Last year, Minister of Interior Sándor Pintér presented a bill which would implement a centralized CCTV system with data stored in one location. Some experts, however, fear the proposal as it lacks certain data protection warranties.
The huge centralized system could be utilized for anything from national security issues to public transport offenses. A central storage facility would collect recordings made by public space surveillance; the Centre for Budapest Transport (BKK); bank security and the Hungarian Public Road PLC.
The project, dubbed ‘Szitakötő’ (dragonfly), would involve the implementation of about 35,000 cameras and 25,000 terabytes of monitoring data. In addition, recorded data would be preserved for 30 days instead of the current five. According to estimations, the implementation would cost 50 billion forints (EUR 160 million), not including any additional costs. Leftish daily Népszava also noted that this new camera system would most-likely include facial recognition.
However, critics fear that the data protection warranties of the new bill are superficial. President of the National Authority for Data Protection and Freedom of Information (NAIH) Attila Péterfalvi voiced his concerns when the plan was first released. Although State Secretary of the Interior Ministry Károly Kontrát insisted they included what NAIH required, a more recent statement by Péterfalvi seems to contradict that claim.
“Such a large-scale technical surveillance system would require very strong data protection guarantees, which are, at the moment, completely missing from the bill,” Péterfalvi claimed. He pointed out that the data managers are not adequately described in the bill, making it unclear who, if anyone, could be held accountable in case of abuse. In addition, the bill also lacks other data protection warranties, specifications regarding data access and other minor factors such as camera placement and any mention of how the use of the system will be monitored.
Even though the draft bill corresponds to international trends, critics are wary that Orbán’s growing ‘illiberal’ system and the power the state has to surveil its citizens (from July 2018 authorities can wiretap anyone in the country without well-founded suspicion or a judge’s approval) may pave the way for further, more questionable surveillance methods. Government officials insist the upgrade has nothing but good intentions. In theory, law enforcement should be able to act faster and prevent more crimes as a result.

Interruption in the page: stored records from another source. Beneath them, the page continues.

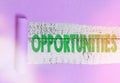 Text sign showing Opportunities. Conceptual photo good chance for advancement, favorable juncture circumstance Rolled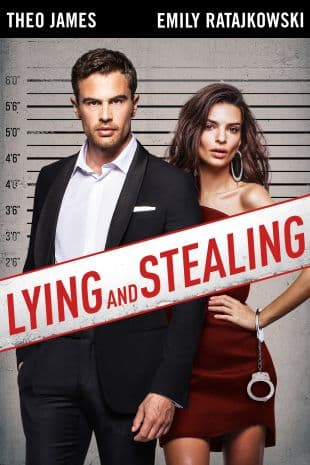 Lying and Stealing poster art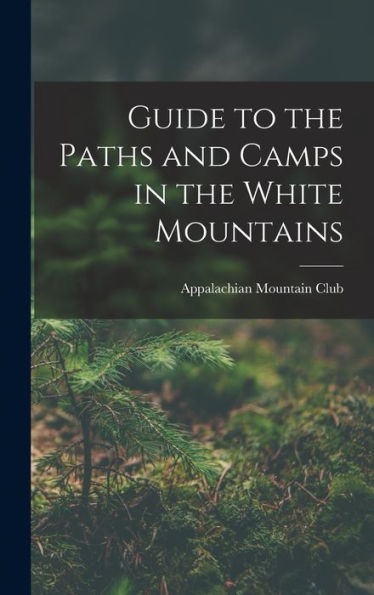 Guide To The Paths And Camps In The White Mountains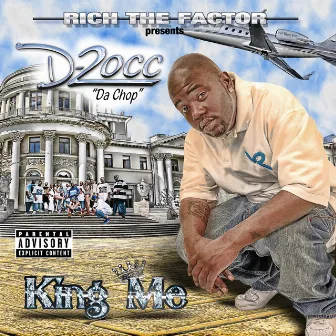 Rich the Factor Presents: King Me by D-Locc Da Chop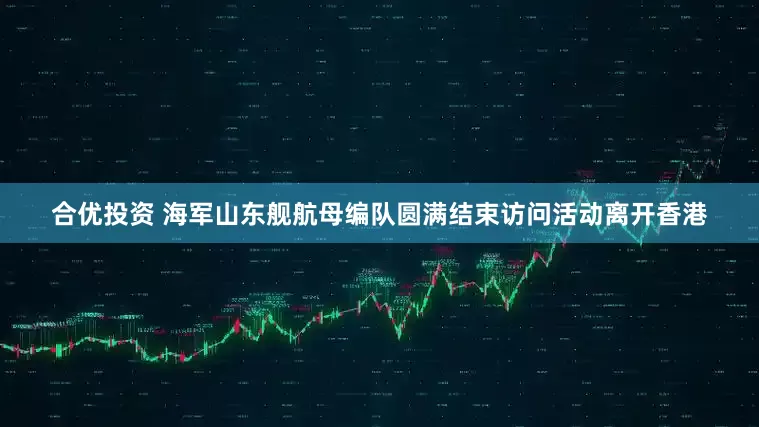 合优投资 海军山东舰航母编队圆满结束访问活动离开香港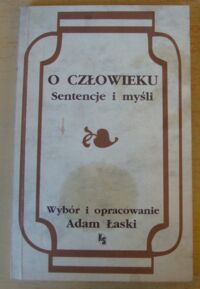 Zdjęcie nr 1 okładki Łaski Adam /wybór i oprac./ O człowieku. Sentencje i myśli.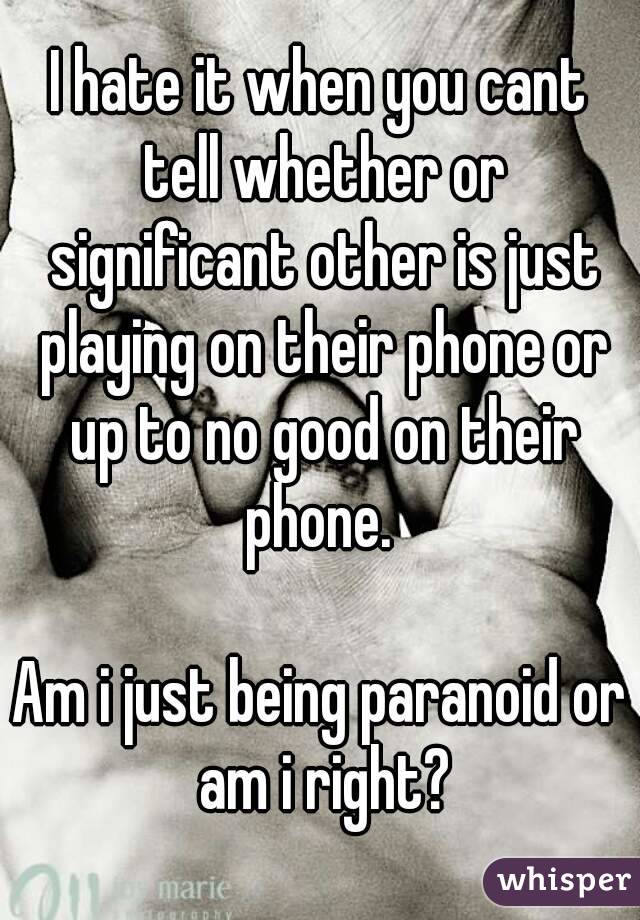 I hate it when you cant tell whether or significant other is just playing on their phone or up to no good on their phone. 

Am i just being paranoid or am i right?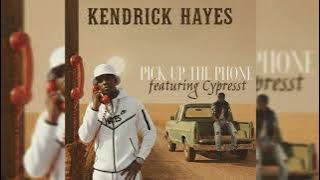 Kendrick Hayes - Pick Up The Phone Ft. Cypresst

At the moment, there are around 4,000 cameras in use in public spaces. Experts agree that the system is out-of-date; the pictures are often not sharp enough, and the current systems are incompatible. According to speculation, the decision was made because police cameras were unable to track the route of the Teréz Boulevard bomber via public surveillance. The decreasing number of registered crimes—nearly halved from 2010 to 2017—seems to refute the need for a system upgrade. But interestingly, according to OECD, Hungarians’ sense of security is one of the worst in the world.